SOURCE DATA:
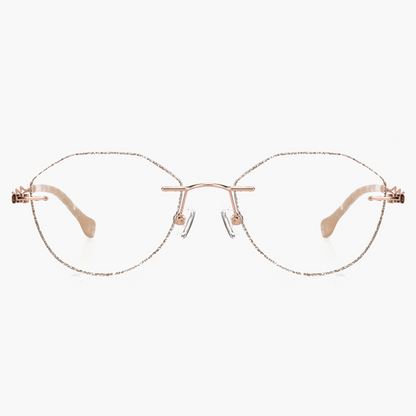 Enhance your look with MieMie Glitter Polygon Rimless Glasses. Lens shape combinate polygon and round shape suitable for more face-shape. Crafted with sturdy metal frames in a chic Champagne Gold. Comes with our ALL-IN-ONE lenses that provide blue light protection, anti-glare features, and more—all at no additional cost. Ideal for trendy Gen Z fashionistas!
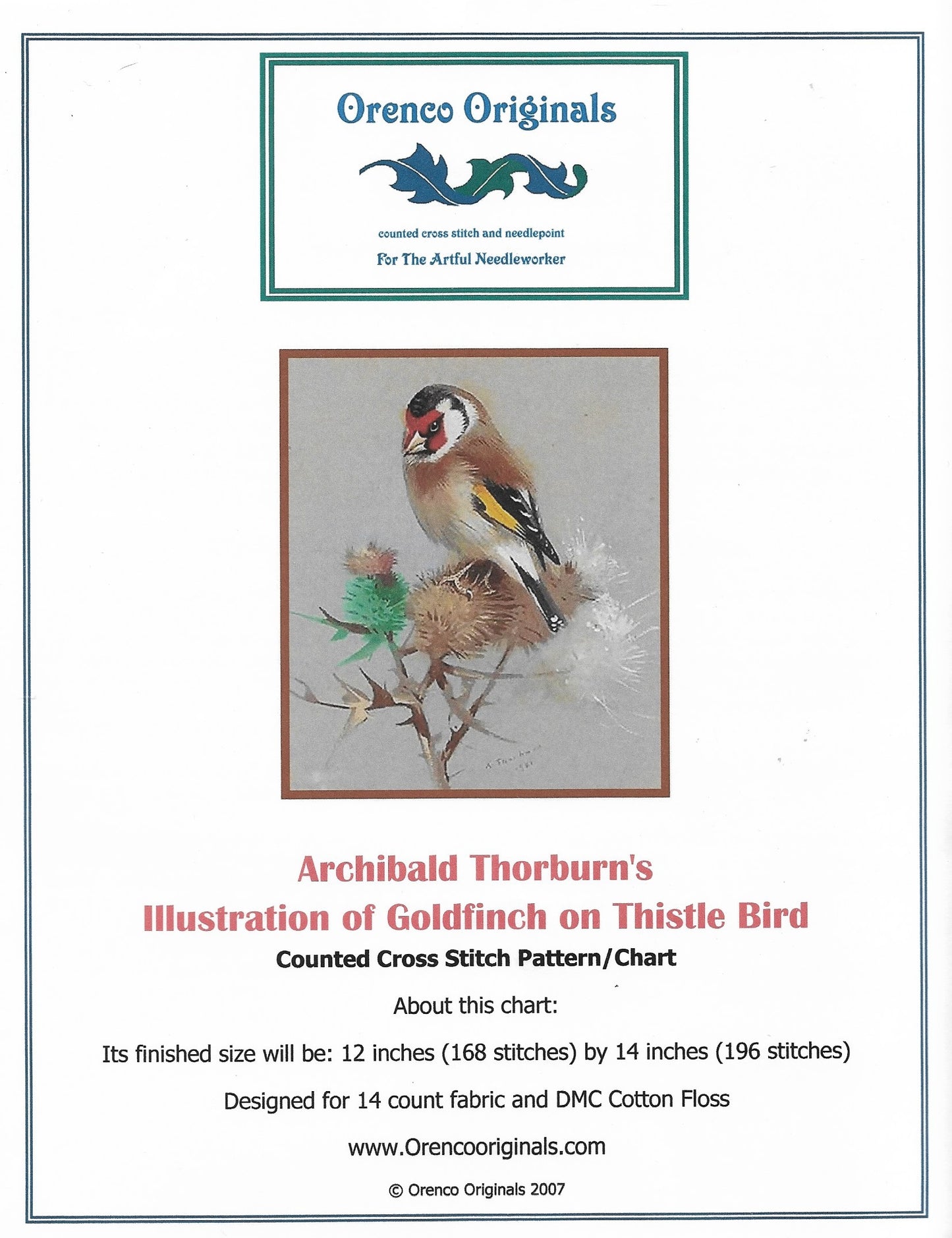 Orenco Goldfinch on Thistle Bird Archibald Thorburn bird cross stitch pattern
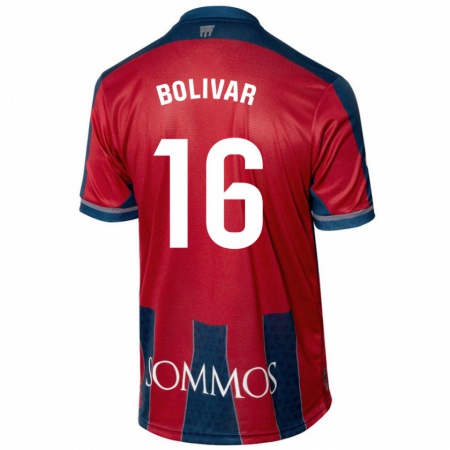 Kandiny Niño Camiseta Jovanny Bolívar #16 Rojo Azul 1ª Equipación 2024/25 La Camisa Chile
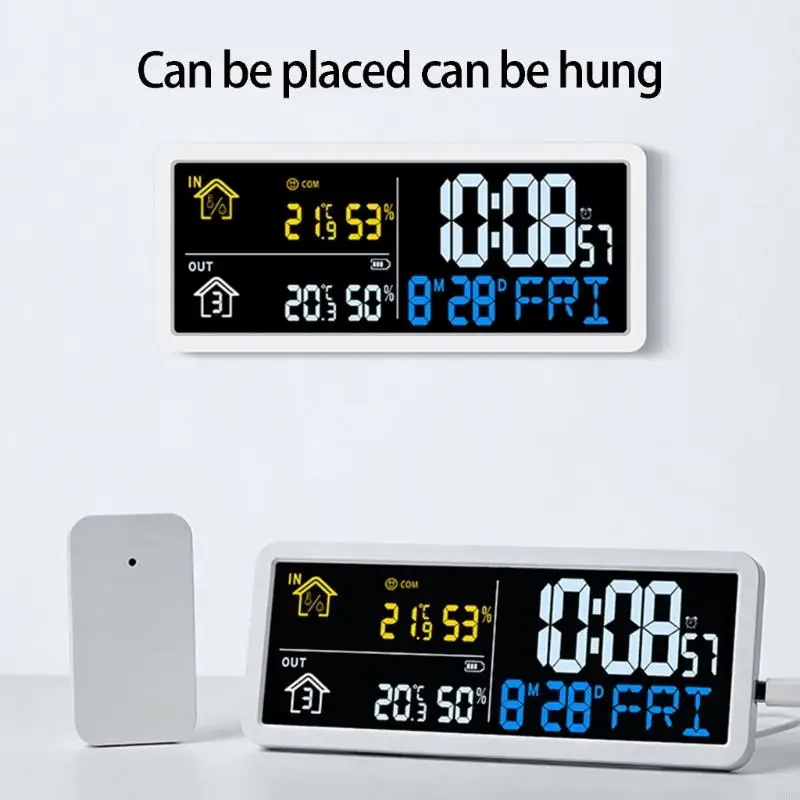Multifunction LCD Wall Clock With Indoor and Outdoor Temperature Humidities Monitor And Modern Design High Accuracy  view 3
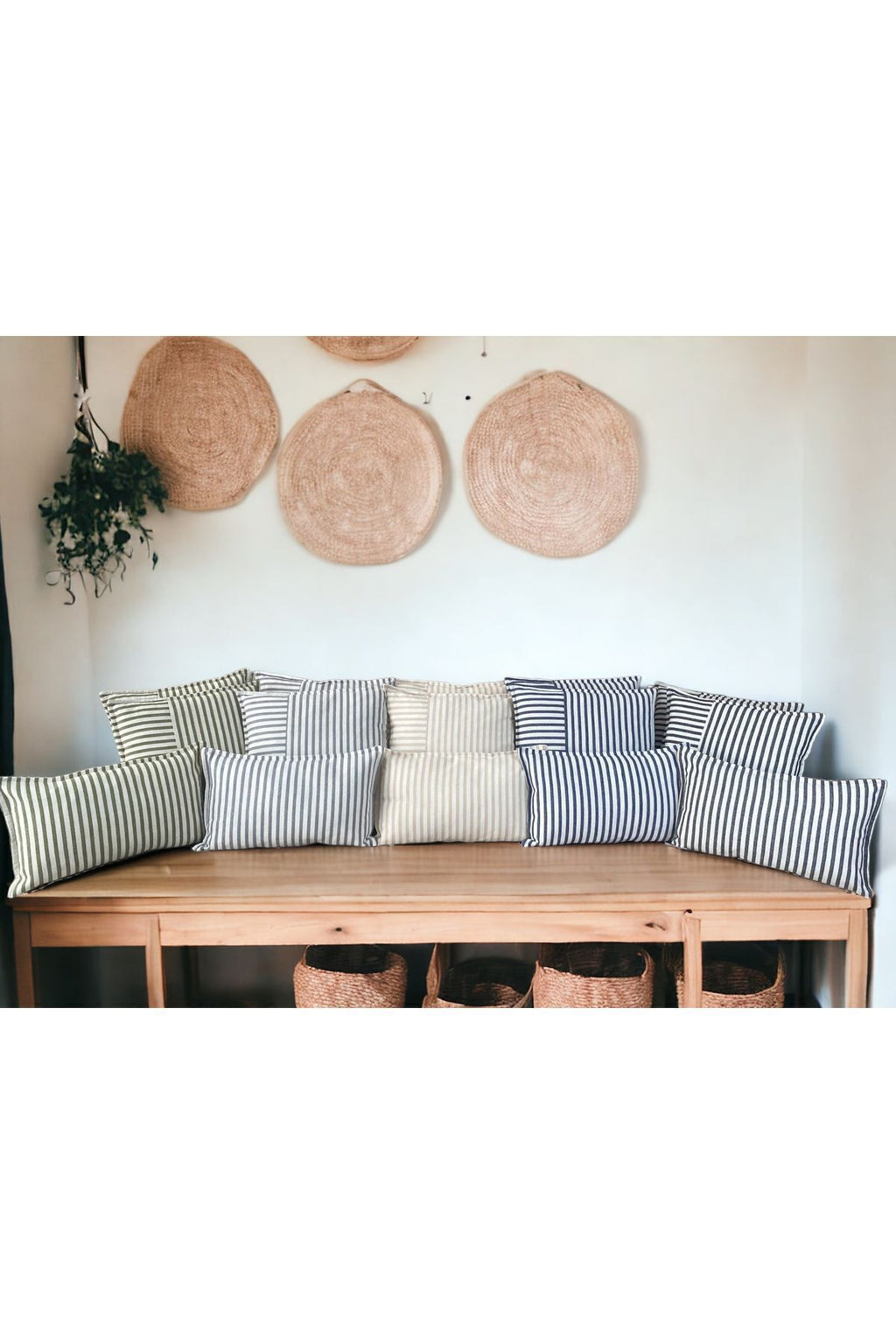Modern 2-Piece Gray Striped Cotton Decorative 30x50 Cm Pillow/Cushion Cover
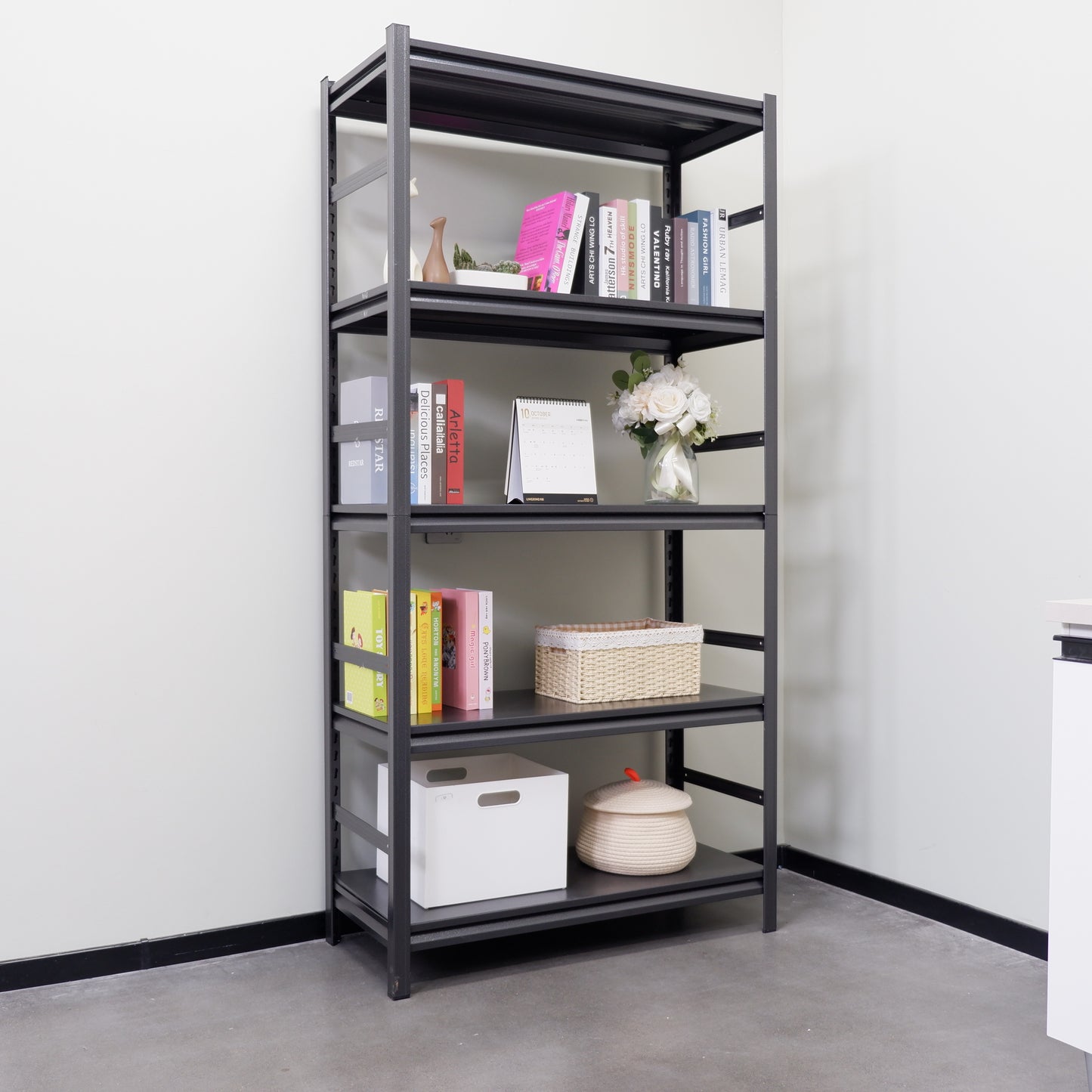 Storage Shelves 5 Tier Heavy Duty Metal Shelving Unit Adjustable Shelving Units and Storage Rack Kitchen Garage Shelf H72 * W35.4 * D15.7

ABOUT THIS EXERCISE: With the pictures left out, transcribe exactly the lines from the line holding "Multifunction LCD Wall" through the closing line of the entries.

OUTPUT OF THE EXERCISE:
Multifunction LCD Wall Clock With Indoor and Outdoor Temperature Humidities Monitor And Modern Design High Accuracy  view 3
Modern 2-Piece Gray Striped Cotton Decorative 30x50 Cm Pillow/Cushion Cover
 Storage Shelves 5 Tier Heavy Duty Metal Shelving Unit Adjustable Shelving Units and Storage Rack Kitchen Garage Shelf H72 * W35.4 * D15.7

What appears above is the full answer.